Nel 2022, i costi di copertura per gli investitori giapponesi che acquistavano bond esteri sono aumentati mentre la BOJ manteneva i tassi sotto lo 0%, mentre altri li aumentavano, il che significava che diventava molto più costoso acquistare bond esteri su base coperta.
Gli investitori, come le assicurazioni sulla vita giapponesi, stipulano accordi derivati per proteggere una parte sostanziale dei loro investimenti dalle fluttuazioni valutarie quando acquistano bond esteri.

Il costo di tale copertura è determinato dal divario tra i tassi di politica della BOJ e di altre banche centrali. Questo dovrebbe diventare leggermente più accettabile mentre la BOJ aumenta i tassi, mentre si prevede che la BCE tagli i tassi a partire da giugno e forse più della Federal Reserve degli Stati Uniti dato un’economia più debole, hanno detto gli analisti.

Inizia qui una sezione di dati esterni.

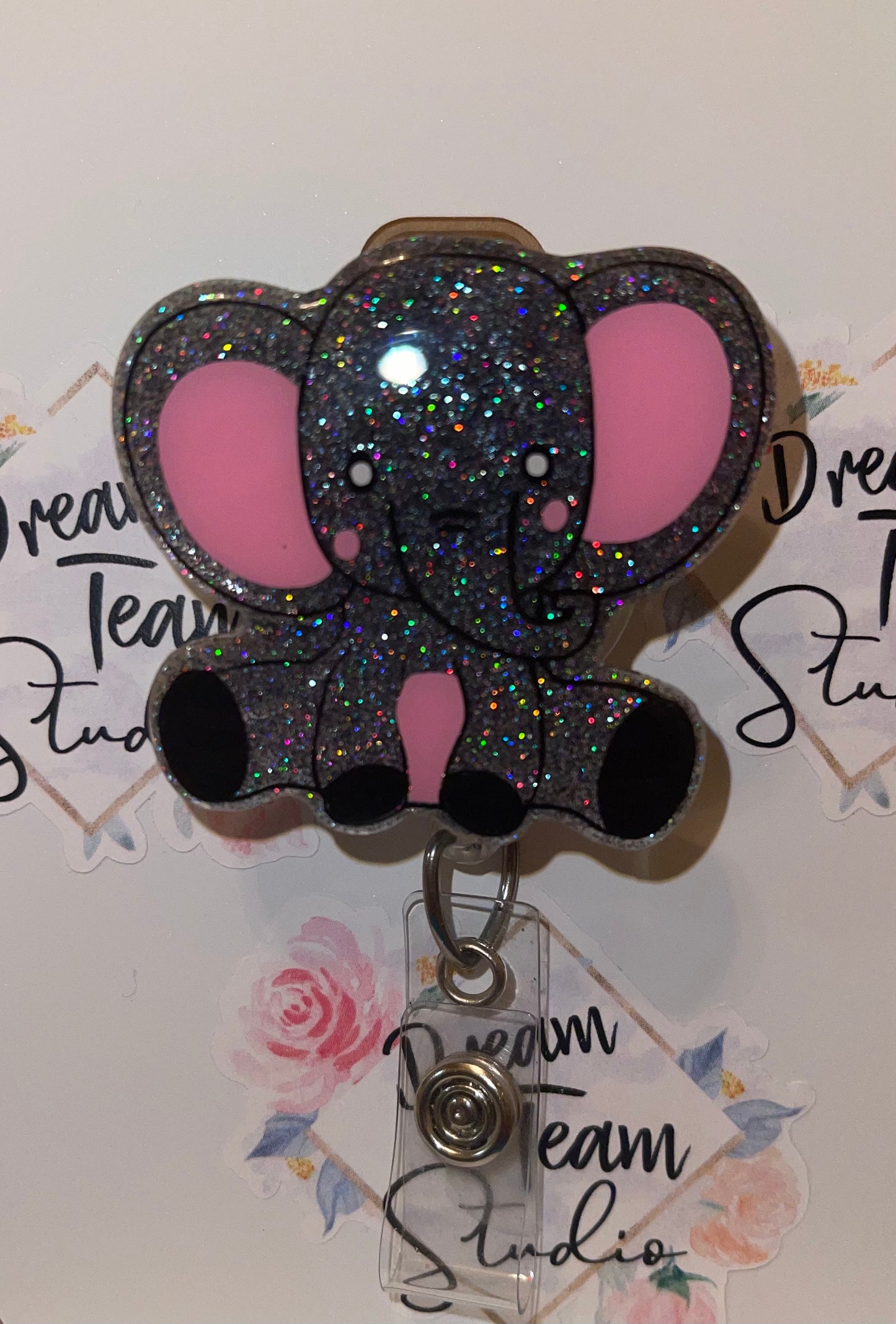 Sitting Elephant Badge Reel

Il tasso della BCE è del 4%, rispetto allo 0-0,1% in Giappone. I mercati prevedono che la BCE taglierà i tassi a circa il 3% entro la fine dell’anno, e la BOJ alzerà a 0,25%.

Per rendere i bond francesi competitivi rispetto ai bond governativi giapponesi ai rendimenti attuali, il costo di copertura - intorno al 4% - dovrebbe diminuire di 220 punti base, stima Citi.

Si prevede che ciò possa accadere nei prossimi due anni, anche se un calo dei rendimenti francesi rispetto ai rendimenti dei bond giapponesi ridurrebbe l’impatto.

Dopo l’esodo del 2022, i flussi dentro e fuori dai bond governativi della zona euro l’anno scorso sono stati marginali, secondo i dati di Nordea, mentre gli investitori giapponesi hanno acquistato titoli del Tesoro statunitensi per un valore di 122 miliardi di euro anche mentre i differenziali dei tassi si allargavano - suggerendo che molti acquisti non erano coperti.

I titoli del Tesoro dovrebbero rimanere la scelta principale per gli investitori non coperti data l’alta redditività e un mercato più profondo, ritiene Citi, ma l’appeal dei bond francesi dovrebbe crescere rispetto ai titoli del Tesoro all’aumentare della divergenza tra le economie della zona euro e degli Stati Uniti.

Alcuni flussi potrebbero provenire dai fondi pensione - spesso investitori non coperti - che potrebbero riequilibrare i loro investimenti mentre le azioni statunitensi raggiungono massimi record.

Si aspetta anche una maggiore domanda da parte delle banche, che spostano i loro investimenti opportunisticamente con le fluttuazioni di mercato.
La domanda è quanto i rendimenti dei bond governativi giapponesi a più lungo termine salgano.

Una volta che il rendimento dei bond giapponesi a 30 anni sale verso il 2%, un livello che si aspetta di raggiungere entro la fine dell’anno, seguiranno ulteriori vendite. Attualmente è al 1,8%.